Ia hampir melupakan Dion yang meninggalkannya demi perempuan pemilik lesung pipi yang indah itu. Ia baru saja ingin melupakan masa lalunya, ketika hujan mengirim mimpi buruk itu ke tempat ini. Mengapa?

Pertanyaan itu membelenggunya. Menimbulkan nyeri yang menyesakkan. Ia menghirup udara dalam-dalam. Berharap aroma laut yang lamat-lamat tercium mampu meredakan prahara di hatinya. Pelahan tangannya membuka jendela kamar, membiarkan angin malam menguapkan keresahannya yang terasa begitu pekat akhir-akhir ini. Sepertinya ia memang harus segera pergi dari rumah ini.

Pamit meninggalkan rumah panggung Mama Latifah Salawati sudah dipikirkannya masak-masak. Selain hujan yang mulai jarang, ia merasa tak nyaman serumah dengan Yose. Terlebih setelah kedatangan Sadine. Ia lelah menghindari Yose, terutama Sadine.

Kedatangan Sadine membuat rumah kediaman Mama Latifah terasa lebih hidup dan penuh gelak canda. Ia sering mendengar suara tawa mereka, karena Sadine begitu pandai memancing tawa. Anggita tak ingin tampak aneh di mata semua orang. Ia tak ingin Mama Latifah atau  Yose tahu tentang masa lalunya. Tentang lukanya. Tentang Sadine yang telah membawa Dion pergi. Juga rasa yang baru saja tumbuh di dadanya. Itu adalah rahasianya.

 Awalnya Mama Latifah tampak keberatan, ia mulai merasa sayang pada gadis pulau Jawa  yang lembut dan pandai membawa diri itu. Namun ia cukup bijaksana untuk diam-diam memahami konflik yang terbangun antara anaknya dan Anggita sejak kedatangan Sadine.

Mama Latifah pun mengizinkan Anggita kembali ke pondok di pinggir laut dengan satu syarat, yaitu harus ada gadis setempat yang menemaninya. Beliau memilih Fatimah, sepupu Yose, untuk menemaninya.

Anggita menarik napas lega. Berbulan-bulan di Pulau Salawati membuatnya cukup akrab dengan gadis remaja yang lincah dan periang itu. Ia yakin, mereka akan baik-baik saja. Lagi pula, siapa yang berani mengganggu mereka berdua? Mama Latifah sudah mewanti-wanti penduduk setempat untuk menjaga dan menghormatinya. Selama ini, sebagai tetua kampung, suara Mama Latifah selalu didengarkan.

Yose sudah sepekan pergi mengantar Sadine ke daerah-daerah wisata di Raja Ampat. Entah apa yang dilakukan perempuan itu di sini. Ia tak ingin tahu. Apalagi pekerjaannya sebagai peneliti hutan  mangrove cukup menyita waktunya. 

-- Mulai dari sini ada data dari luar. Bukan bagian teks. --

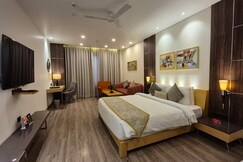 Ramada by Wyndham Ajmer, Ajmer Ramada by Wyndham Ajmer, Ajmer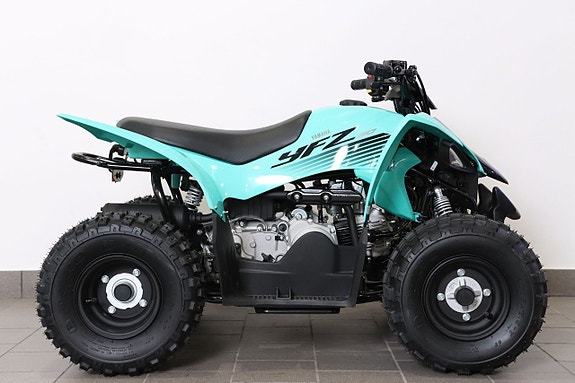 Yamaha YFZ50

Biasanya ia dan Yose bersama-sama memberikan penyuluhan ke masyarakat setempat tentang pentingnya menjaga kearifan lokal. Bersampan menyusuri Sungai Doktor yang panjang dan menyapa hangat penduduk yang tengah berendam di sungai. Mereka percaya sungai itu mampu menyembuhkan berbagai penyakit. Lalu mengagumi ikan-ikan pelangi yang berlenggang-lenggok manja memantulkan keindahan warna sisiknya.

Tak jarang ia ikut menanam pohon sagu muda setelah kaum lelaki menebang 2-3 batang pohon untuk membuat sagu yang menjadi makanan pokok penduduk setempat. Warisan leluhur yang dijaga baik-baik oleh penduduk setempat dengan keterlibatan aktif Yose sebagai penerus kepemimpinan adat di Pulau Salawati.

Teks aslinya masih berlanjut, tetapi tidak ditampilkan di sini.